Training & Optimisation: 10.18   Connecting back to the rest of the book

Dr Chris Paton

10.18 Connecting back to the rest of the book

We have come a long way from the simple update rule $\theta \leftarrow \theta - \eta \nabla L$. The training problem in deep learning is a tour of applied mathematics: convex analysis (Polyak, Nesterov), stochastic approximation (Robbins, Monro), numerical linear algebra (mixed precision, Shampoo's Kronecker factors), distributed systems (DDP, FSDP, NCCL all-reduce), and a generous helping of empirical engineering.

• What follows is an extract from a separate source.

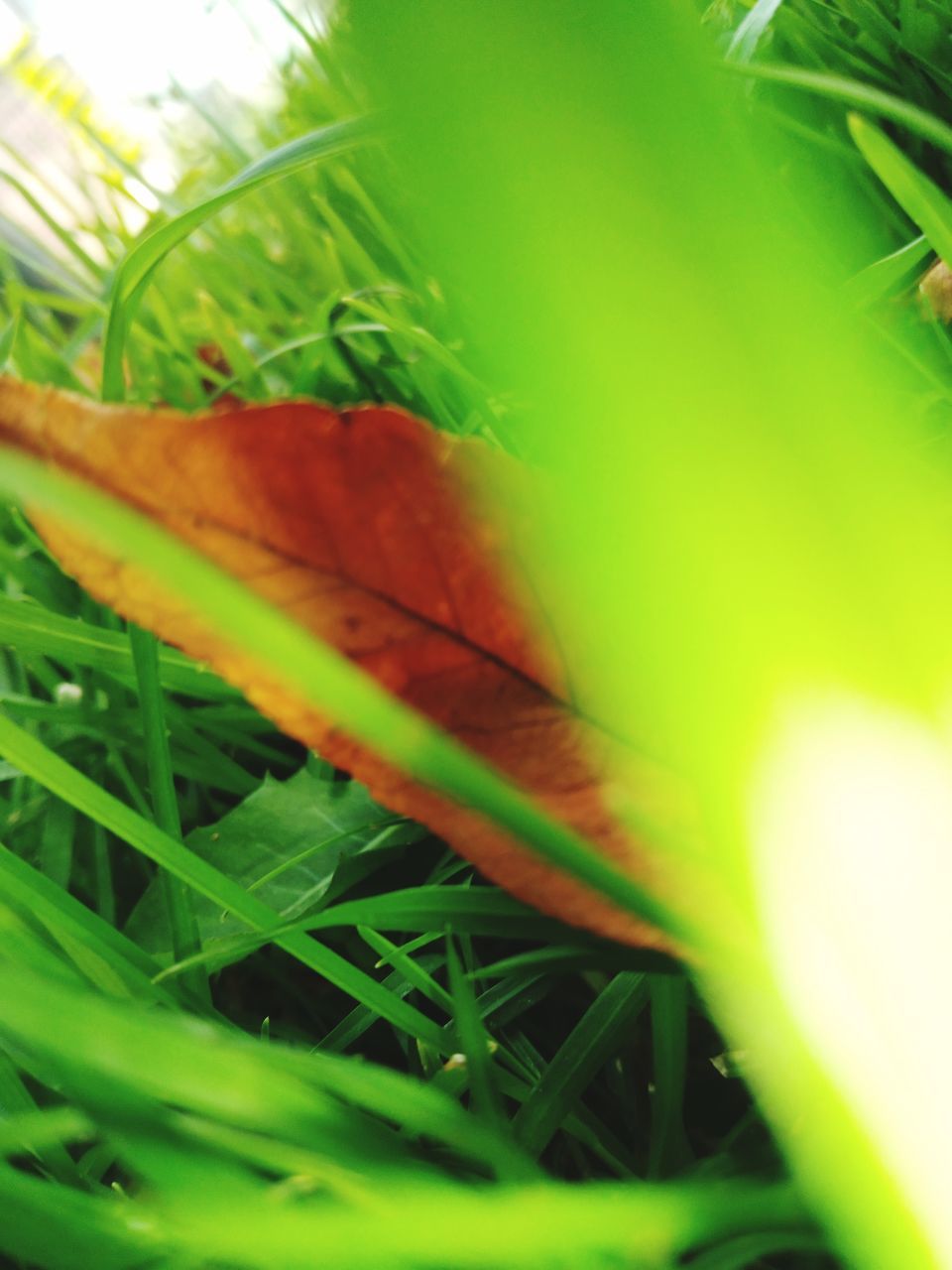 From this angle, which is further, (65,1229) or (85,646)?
(85,646)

The chapter that follows on convolutional neural networks (Chapter 11) takes everything here for granted. When the ResNet paper says "trained for 600k steps with SGD momentum 0.9, weight decay $10^{-4}$, learning rate 0.1 dropped by 10× at steps 300k and 500k, batch size 256", you now know what every word means and could re-implement the recipe. When the GPT-3 paper says "AdamW with $\beta_1 = 0.9$, $\beta_2 = 0.95$, weight decay 0.1, cosine schedule with 375M-token warmup, gradient clipping 1.0, 3.2M-token batch size, mixed-precision FP16", same.

The frontier of the field continues to move. Optimisers like SOAP and Shampoo offer step-count savings of 30–50% over AdamW. Hardware-aware schedules (e.g. with longer warmup for ZeRO-3 to mask reduce-scatter latency) appear in newer training reports. Adaptive batch sizes that grow during training are an active research area. But the core principles, first-order methods on noisy gradients, learning rate schedules, regularisation by noise and weight decay, distributed memory partitioning, are stable, and they are what the rest of this book assumes.